(Beginning of EXERCISE MATERIALS)

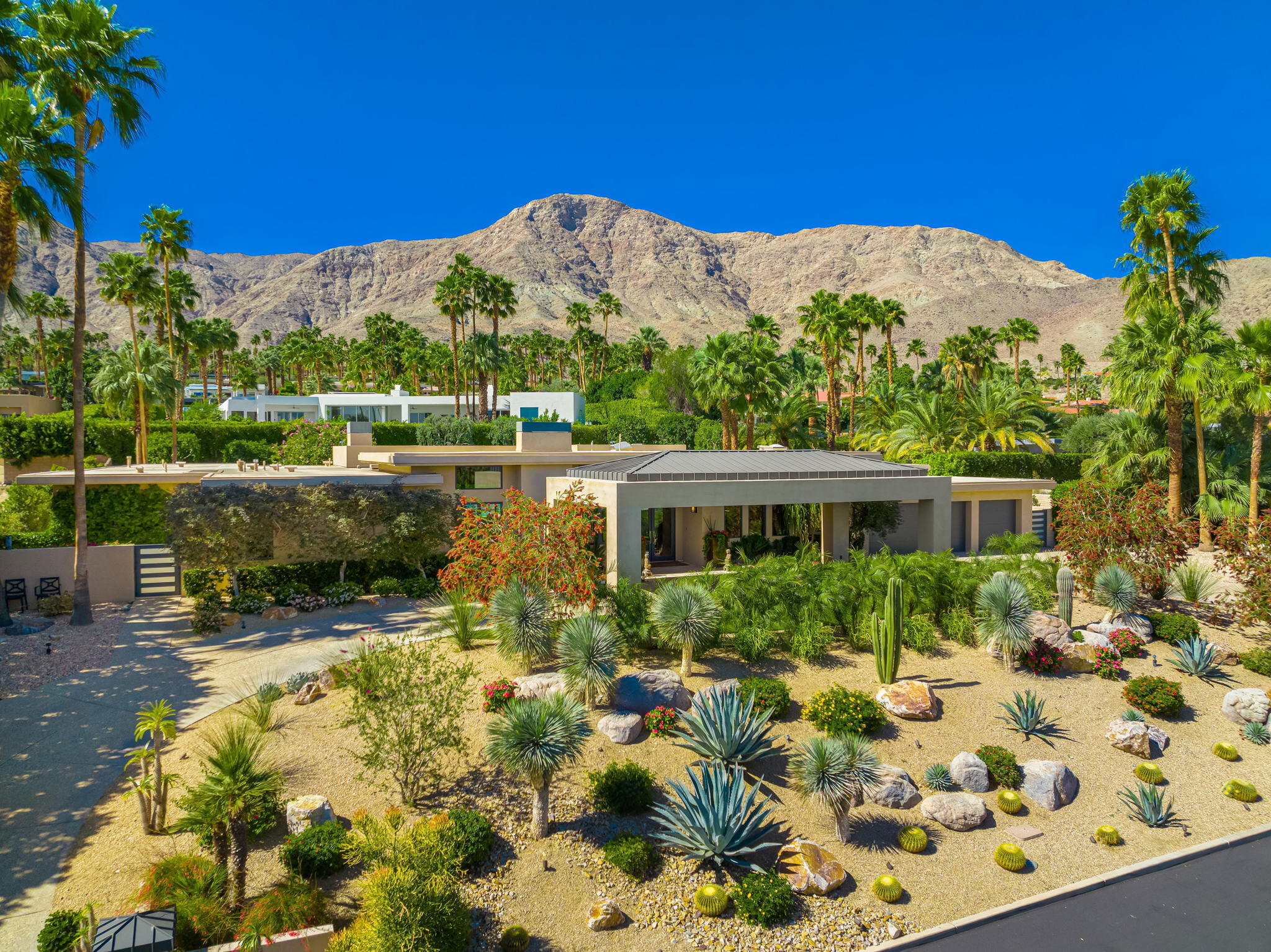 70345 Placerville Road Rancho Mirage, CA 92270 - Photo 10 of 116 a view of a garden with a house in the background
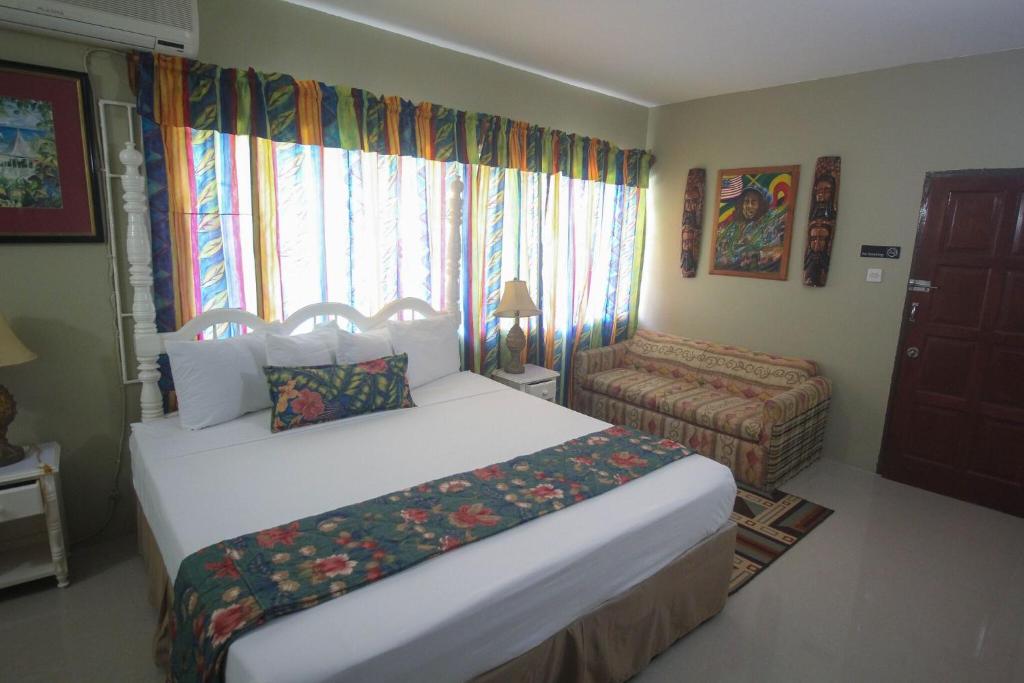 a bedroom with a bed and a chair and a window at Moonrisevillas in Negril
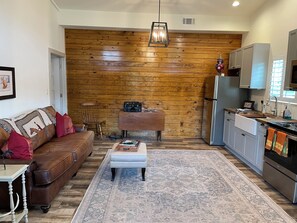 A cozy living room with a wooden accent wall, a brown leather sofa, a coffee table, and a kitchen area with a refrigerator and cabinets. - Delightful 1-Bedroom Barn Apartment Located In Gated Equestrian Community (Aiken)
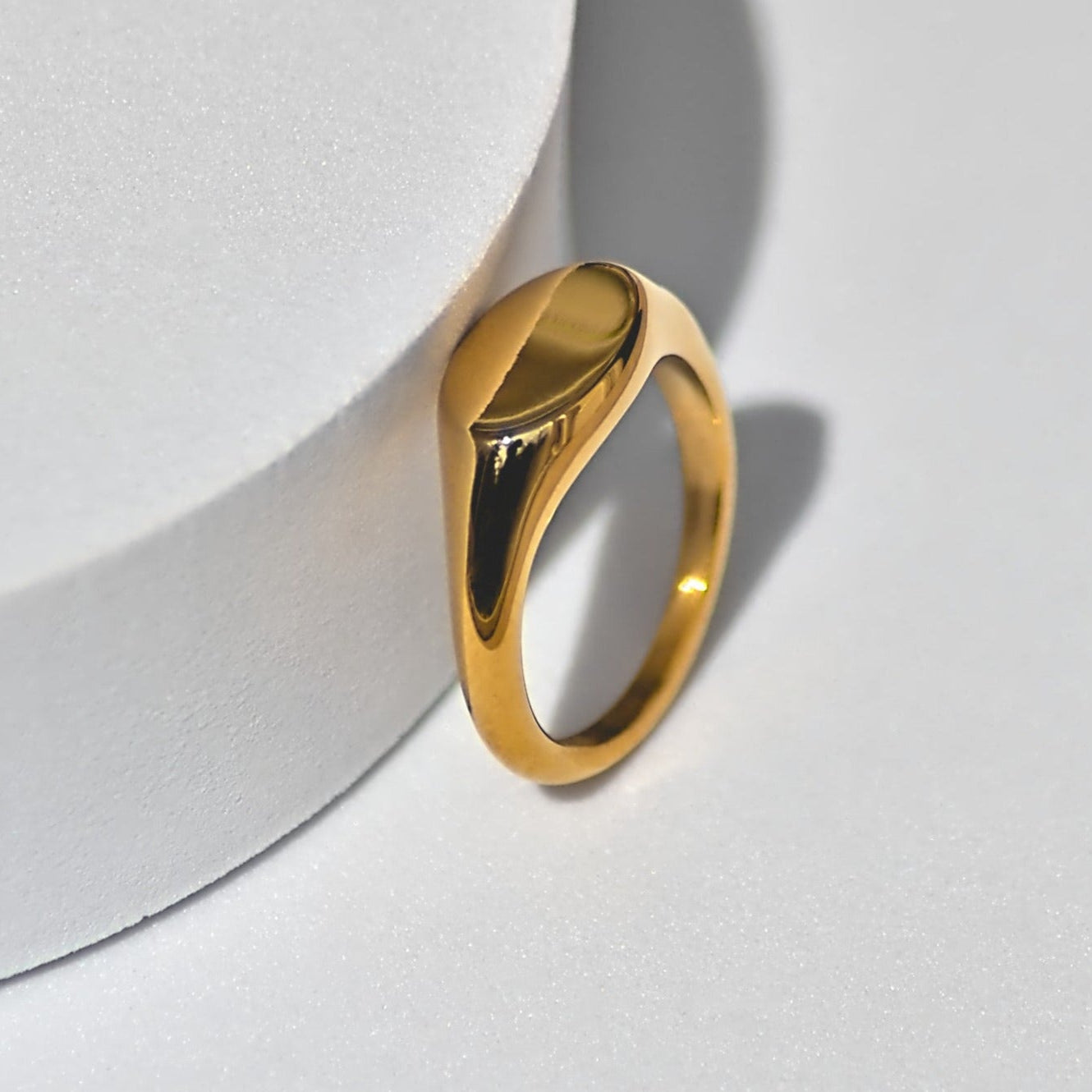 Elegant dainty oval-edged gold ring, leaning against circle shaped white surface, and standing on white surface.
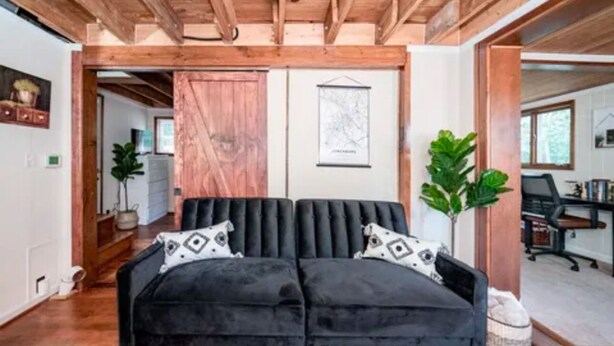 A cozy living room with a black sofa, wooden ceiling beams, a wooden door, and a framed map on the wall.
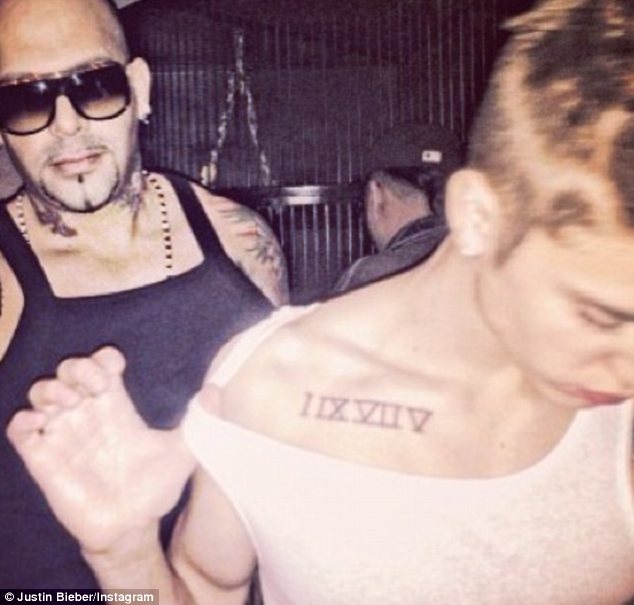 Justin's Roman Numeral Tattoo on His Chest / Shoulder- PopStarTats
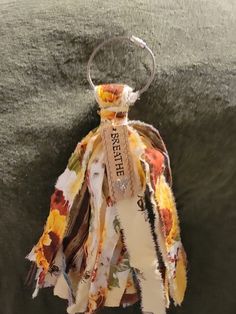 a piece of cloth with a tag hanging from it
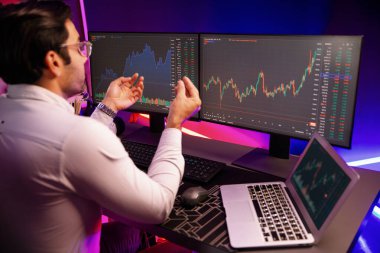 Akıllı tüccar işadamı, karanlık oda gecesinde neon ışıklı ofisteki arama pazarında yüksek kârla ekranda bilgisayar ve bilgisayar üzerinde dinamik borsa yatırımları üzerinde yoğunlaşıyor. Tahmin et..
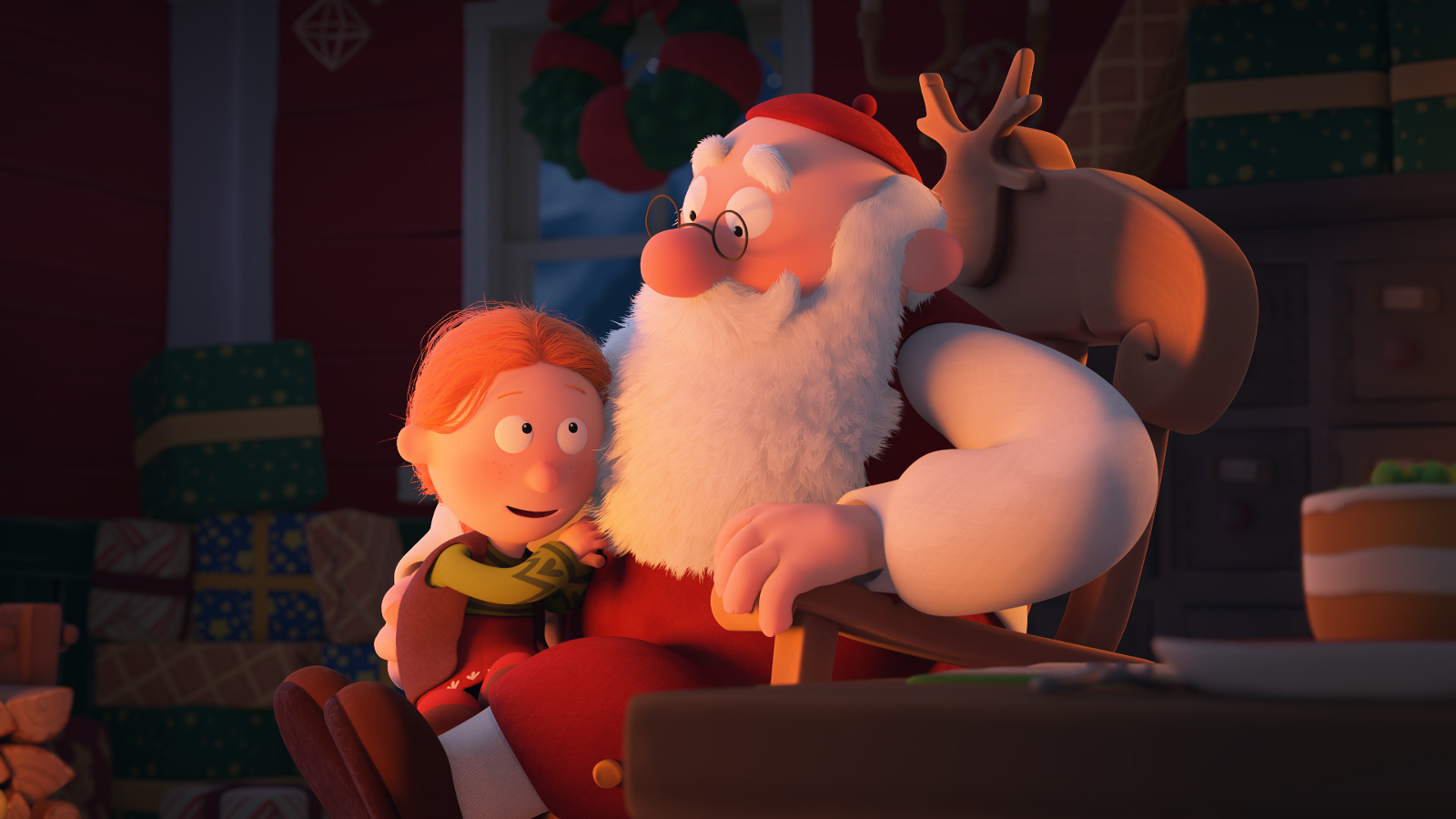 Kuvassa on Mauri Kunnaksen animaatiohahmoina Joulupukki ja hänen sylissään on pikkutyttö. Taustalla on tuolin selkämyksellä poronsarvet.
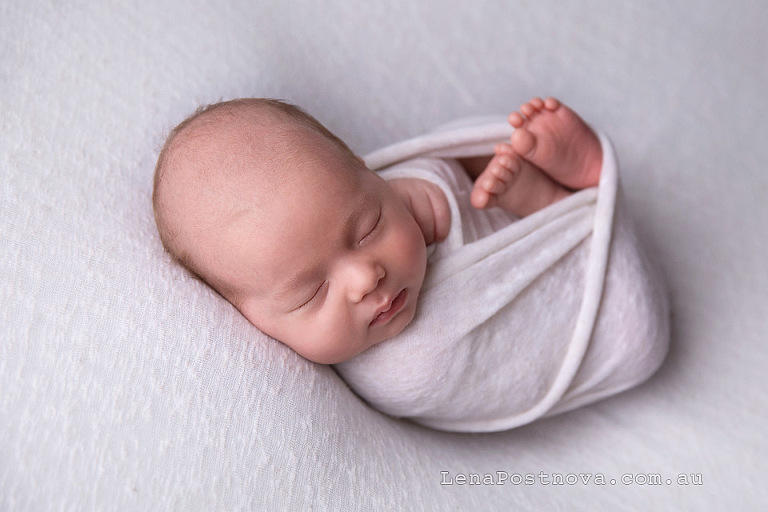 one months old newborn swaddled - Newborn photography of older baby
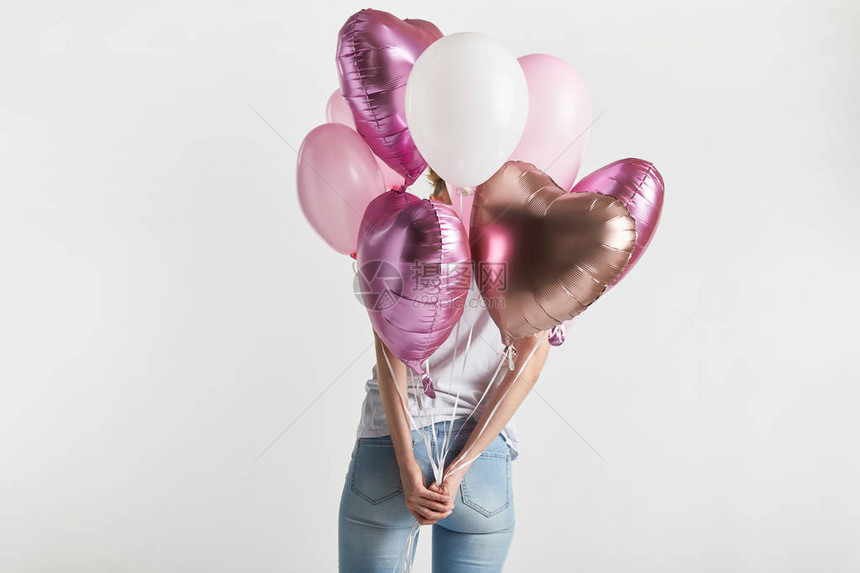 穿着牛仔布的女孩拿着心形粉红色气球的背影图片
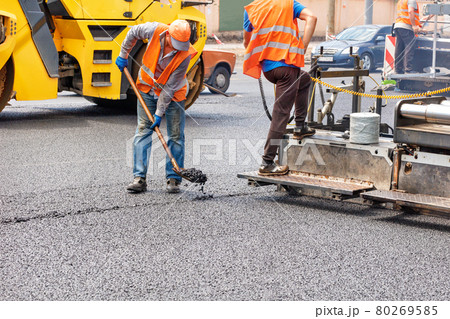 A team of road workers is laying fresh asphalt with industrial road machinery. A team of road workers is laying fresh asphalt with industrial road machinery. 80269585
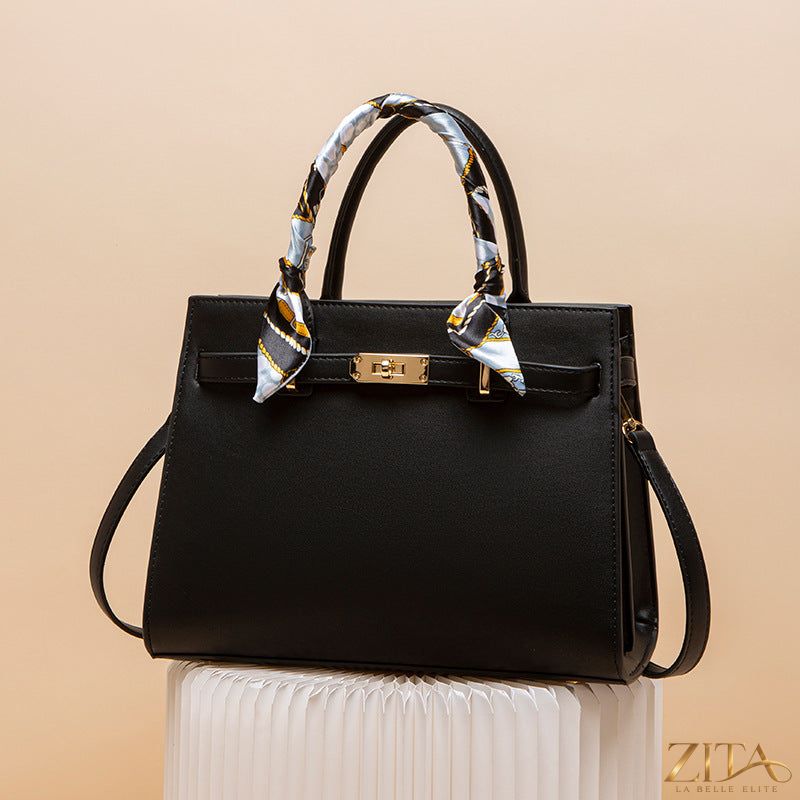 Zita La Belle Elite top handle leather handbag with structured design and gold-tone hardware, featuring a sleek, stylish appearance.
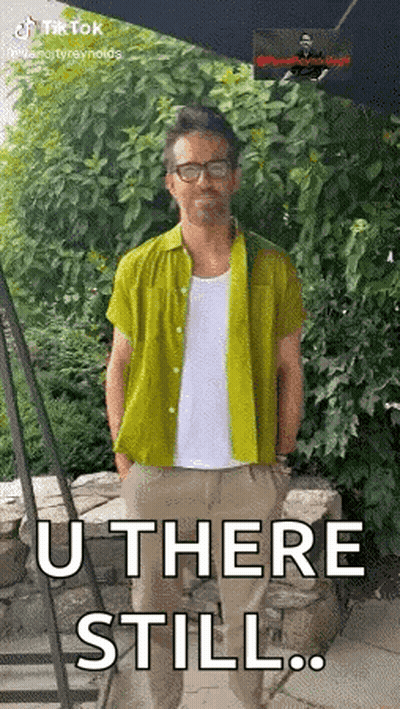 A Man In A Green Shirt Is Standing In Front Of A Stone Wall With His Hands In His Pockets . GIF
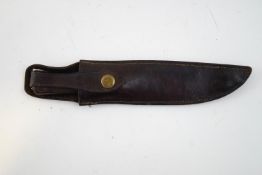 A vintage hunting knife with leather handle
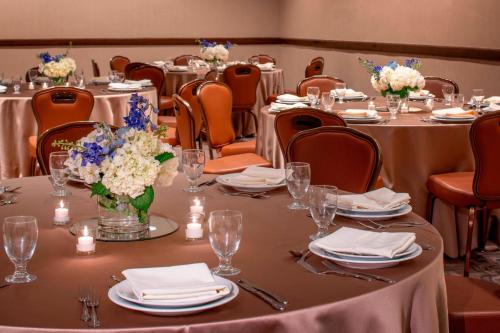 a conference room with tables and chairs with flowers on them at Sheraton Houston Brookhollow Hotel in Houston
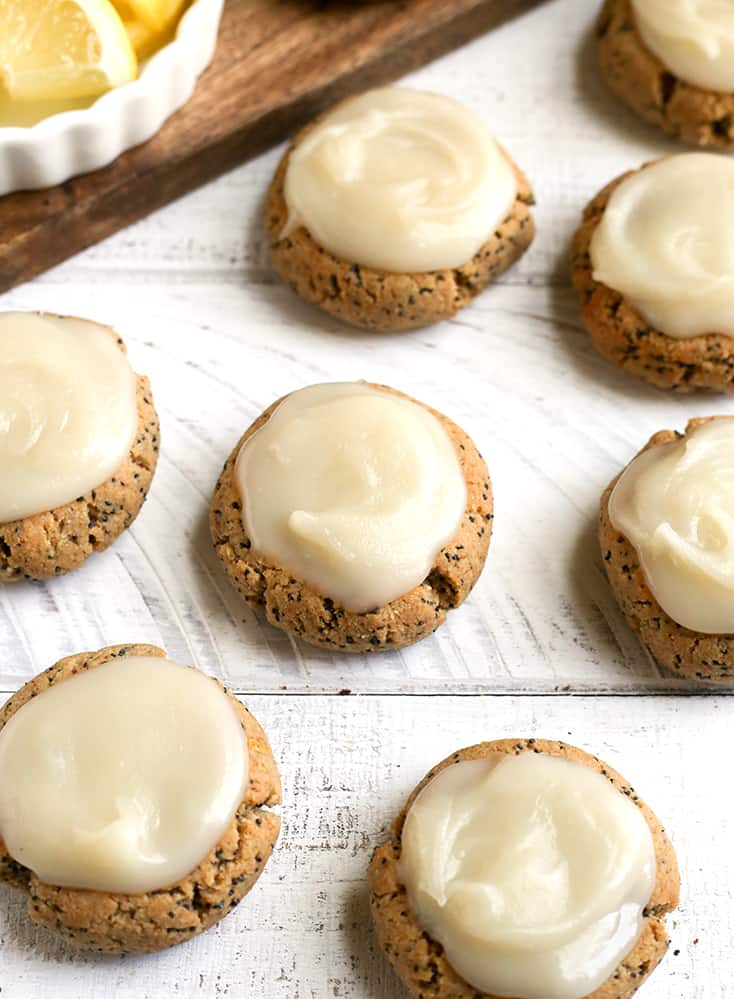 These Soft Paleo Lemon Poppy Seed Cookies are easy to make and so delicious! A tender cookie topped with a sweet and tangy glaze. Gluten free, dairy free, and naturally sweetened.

(End of EXERCISE MATERIALS)

### [TASK OBJECTIVE]
Take the records from their first line through the line containing "a bedroom with" and please return exactly those lines, both ends included, minus the pictures.

### [RESULT FOR THIS EXERCISE]
 70345 Placerville Road Rancho Mirage, CA 92270 - Photo 10 of 116 a view of a garden with a house in the background
 a bedroom with a bed and a chair and a window at Moonrisevillas in Negril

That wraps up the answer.